An anal-retentive perfectionist
director who oversaw every
minute detail of his films, Federico Fellini wrote all of his own scripts with the help of
dialogue writers hired to punch them up. He was also an integral part
of the editing process, playing pivotal roles even in the tedious hours
spent in final editing. He once said that he viewed filmmaking much as
Marco Polo sailed to the Orientónot really knowing what may happen along the
journey or where the end may lie.
Fellini was born into a middle-class family on the rocky
Adriatic coast of Rimini, Italy. The date was January 20, 1920.
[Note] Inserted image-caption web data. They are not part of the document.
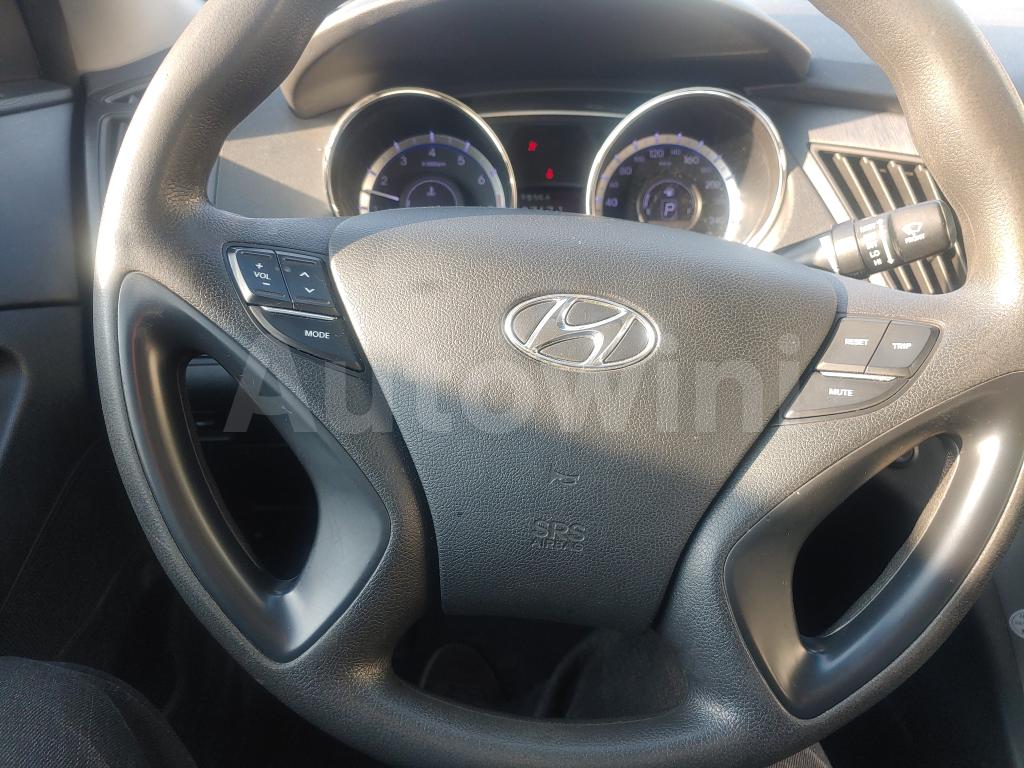 2016 HYUNDAI YF SONATA THE BRILLIANT 16OF16 TAXI REAL MILEAGE - 20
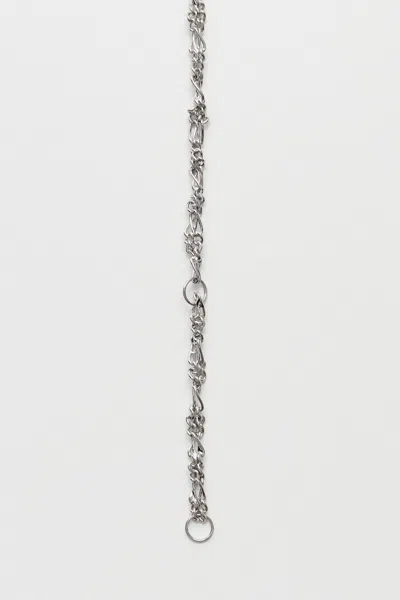 Our Legacy Surgical Brass In Silver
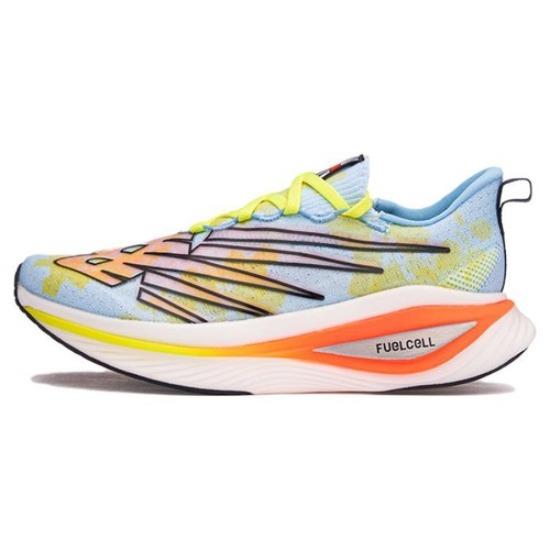 

New Balance FuelCell SuperComp Elite v3 Low London Marathon MRCELLD3 EU 42.5 різнокольоровий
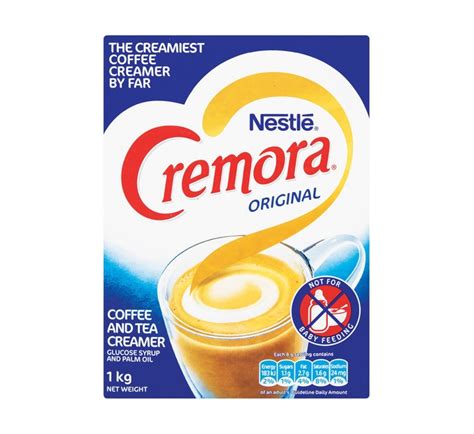 Cfs Home Cremora Coffee Creamer Carton 1kg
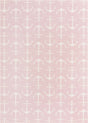 Pink 10' x 14' 1 Outdoor Coastal Rectangle Area Rug Weather Resistant for Patio, Deck, Terrace, Balcony, Porch 100% Polypropylene Coastal Decor Carpet for Sale at Rug Engine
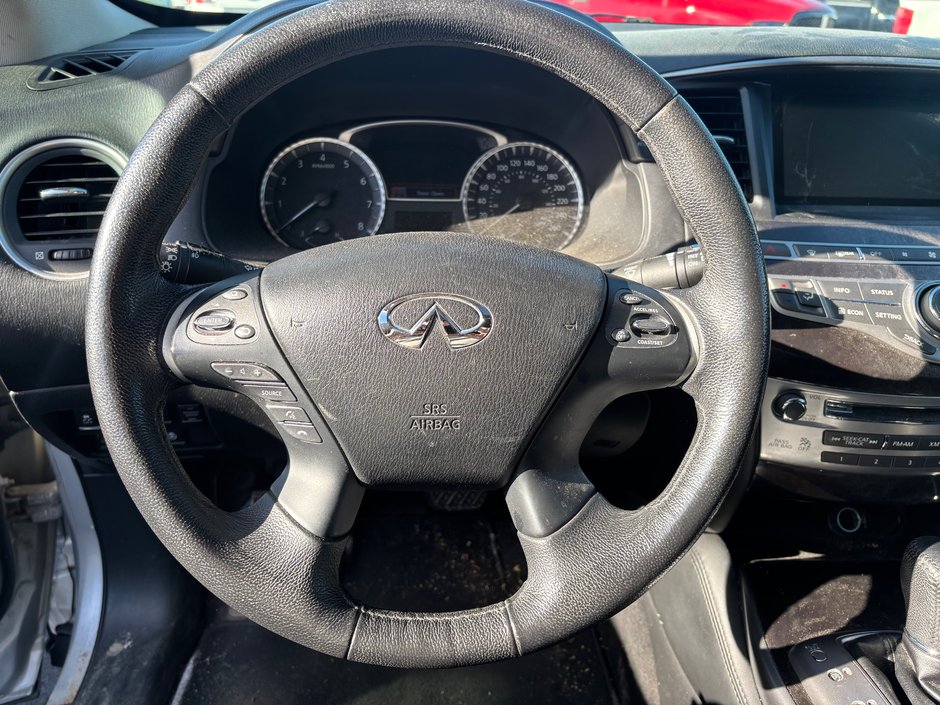 Infiniti JX35 BASE 2013-10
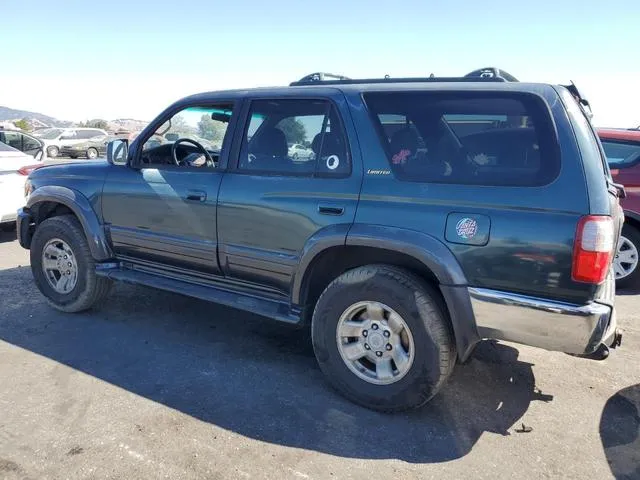 JT3HN87R9T0018111 1996 1996 Toyota 4runner- Limited 2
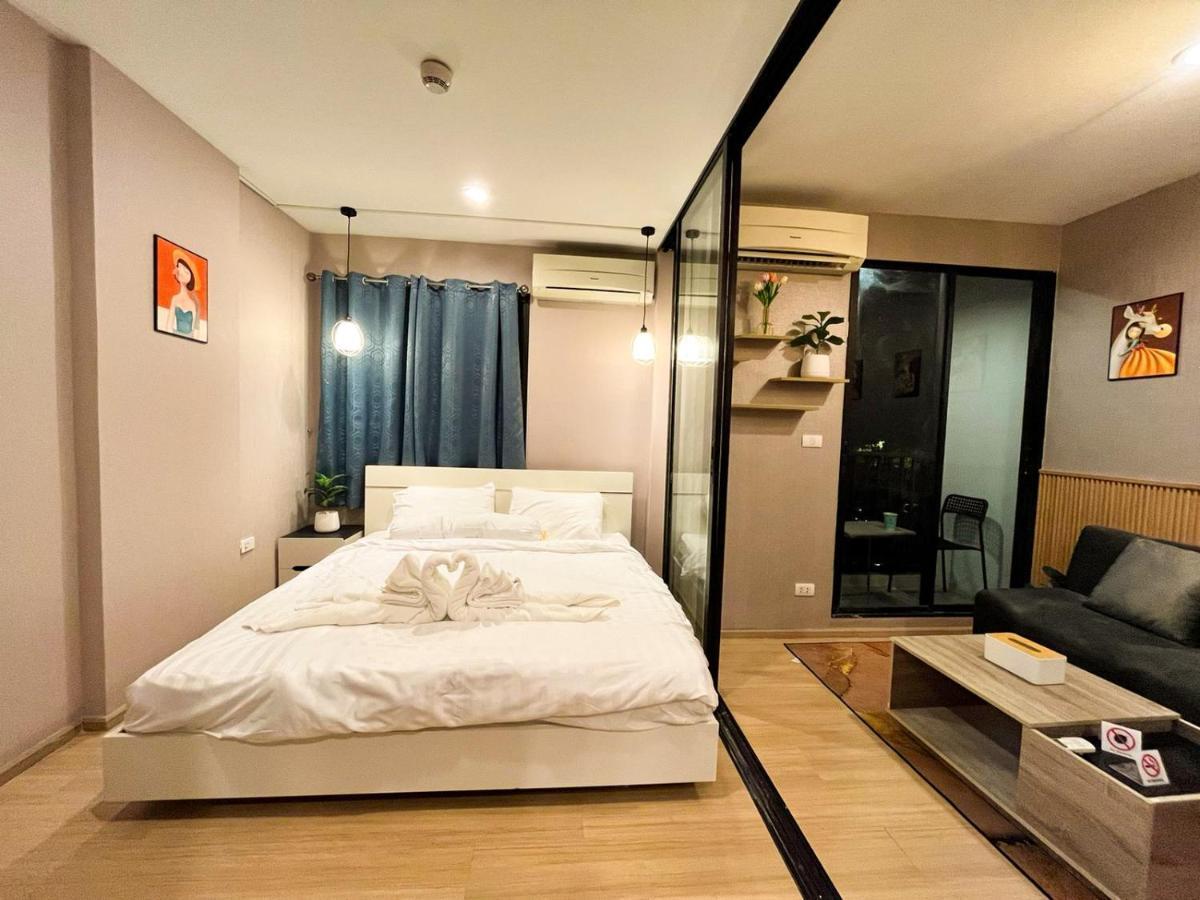 Apartment Zcape1 Boat Avenue Phuket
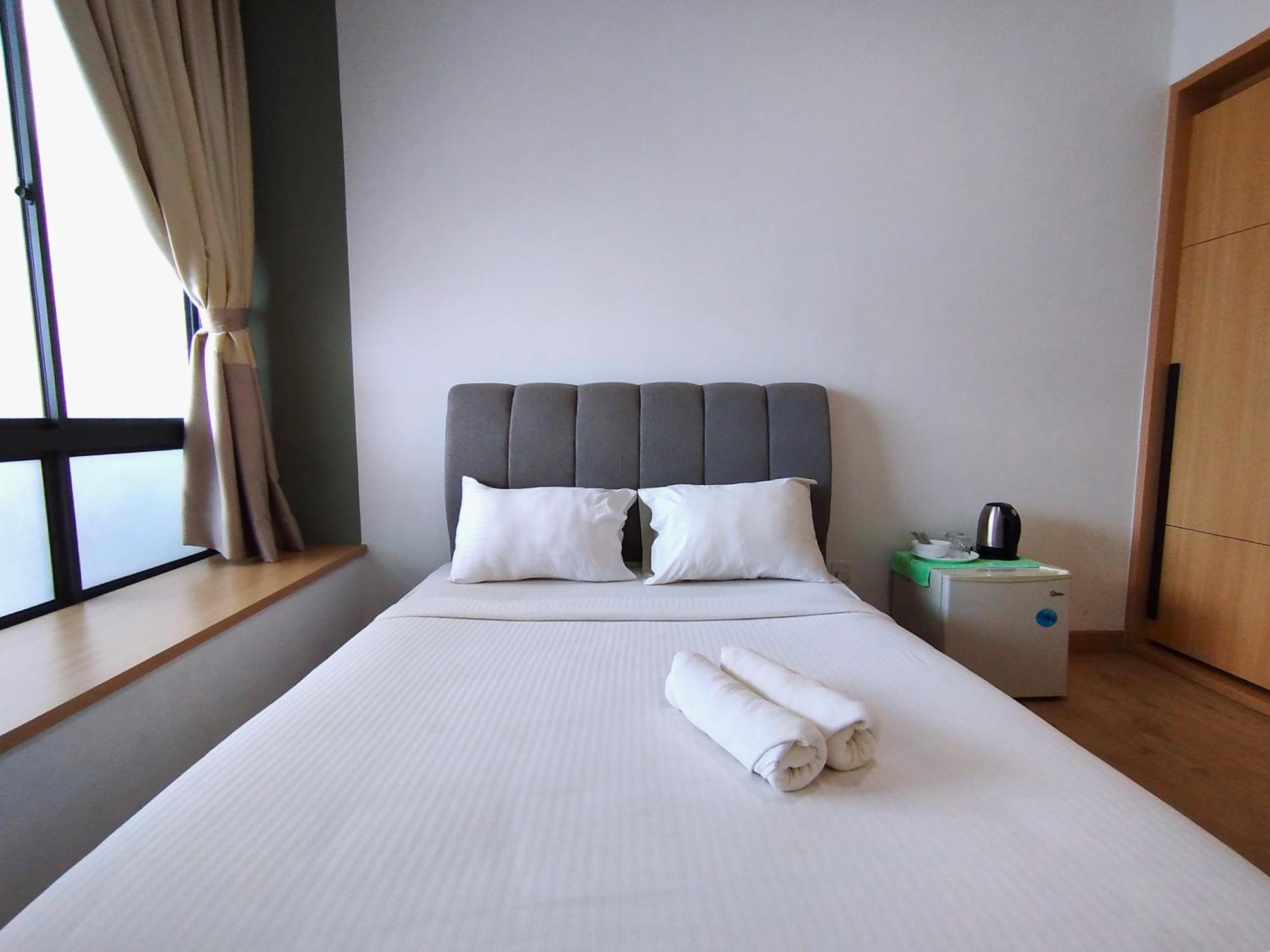 쿠알라룸푸르 The Colony Klcc View By Nzv 아파트 외부 사진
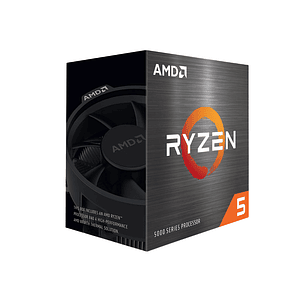 AMD Ryzen 5 5500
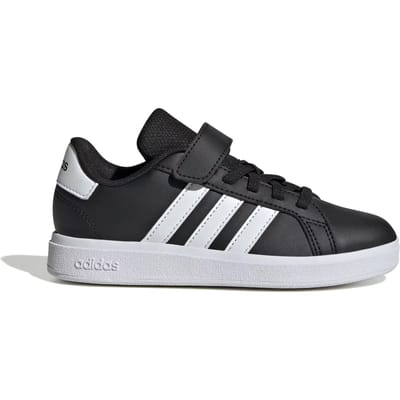 Adidas Sportswear Grand Court 2.0 Schoenen Kids - Kinderen - Zwart
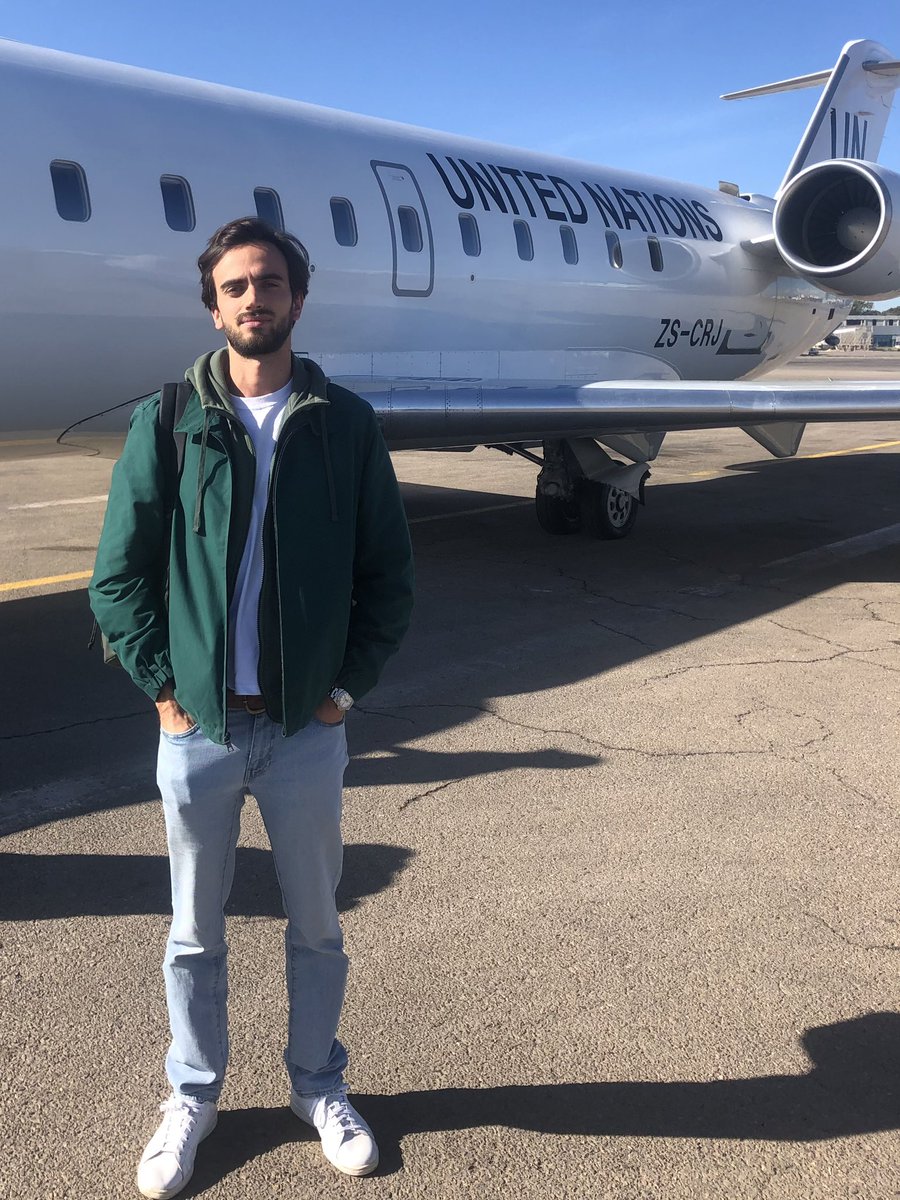 PaulFargues's tweet photo. *Personal update*
After an year full of challenges and discoveries in 🇱🇾 @UNSMILibya I have joined @UNDPPA in New York 

Humbled to be part of the amazing @UNPeacebuilding team to work on strengthening linkages between #diplomacy #development &amp; #humanitarian in fragile contexts https://t.co/9bghoNRv46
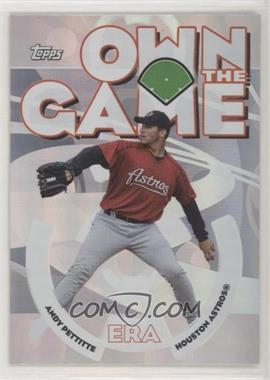 2006 Topps - Own the Game #OG5 - Andy Pettitte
He spent his early childhood at a strict Catholic
boarding school. One of the regular punishments the priests meted out
was making their students kneel on grains of maize. As a special
reward on Sundays, students and teachers marched down to the beach, where
they would pray while looking out at the sea. Not particularly suited to
student life, Fellini was good only at drawing, although he and his friends
enjoyed another curriculum nearly as well--cutting classes.
When Fellini was twelve, he ran away from home and joined a
traveling circus, but the police eventually found him and brought him back.
At seventeen, he moved to Florence and, shortly after, to Rome where he
found work as an actor, a newspaper cartoonist, and a radio scriptwriter.
He wrote for a radio series about Cico and Pallina, the Italian version of
eternal American bumblers, Blondie and Dagwood.
In Rome, Fellini changed addresses often because he
developed a habit of entering into romantic liaisons with his landladies.
When the relationships ended, he would be kicked out. In 1939, Fellini
experienced "the most important year of my life" while traveling with his
friend, comedian Aldo Fabrizi, all across Italy with a vaudeville troupe.
During his travels, he earned a reputation as a solid
sketch writer, scenery painter, bit actor, and "company poet." It was
during this period of his life that he saw the wide tableau that his country
offered and experienced the variety of what he called its human landscape.
"A different language is a different vision of life," he said.
While touring with a theater company, Fellini had an
opportunity to collaborate with Italian film director Roberto Rossellini on
the script of Open City (1945). He worked as a screenwriter and
assistant director on several other films before co-directing Variety
Lights (1951) with Alberto Lattuada. The following year, he
directed The White Sheik (1952).
Although his first two films were unsuccessful, his next,
I Vitelloni (1953), won international acclaim. It was the first
of his probing, neorealistic studies of the young drifters, circus people,
and prostitutes whom he had befriended during his earlier days of travel.
When Fabrizi was offered the lead role in a film comedy, Fellini provided
the film's storyline, and his film career was founded.
Fellini met Giulietta Masina, an actress who had taken over
as the voice of Pallina, and married her after a four-month courtship.
She went on to star in several of his films and once said of her husband,
"The only time Federico blushes is when he tells the truth."
La Strada and Nights of Cabiria (1957), both
starring his wife, won Academy Awards for best foreign film. His
subsequent films became more autobiographical and surrealistic, often
incorporating spectacular and grotesque elements and abandoning linear
narrative in an attempt to express the director's subjectivity of his
characters' experiences and thoughts.
The films, 8-1/2 and Amarcord (1974), won for
Fellini two more Academy Awards for best foreign film. The former
portrays a filmmaker's quest for self-understanding; the latter reflects
Fellini's childhood memories.
One of Fellini's best-known films is La Dolce Vita
(1960). Others include Juliet of the Spirits (1965), Fellini
Satyricon (1969), The Clowns (1970), City of Women (1981),
And The Ship Sails On (1983), and Ginger and Fred
(1986). Fellini received the Academy Award for Lifetime
Achievement in 1993. He had a massive heart attack later that year and
died soon afterwards of heart and lung failure.
Fellini once said, "All art is autobiographical. The
pearl is the oyster's autobiography."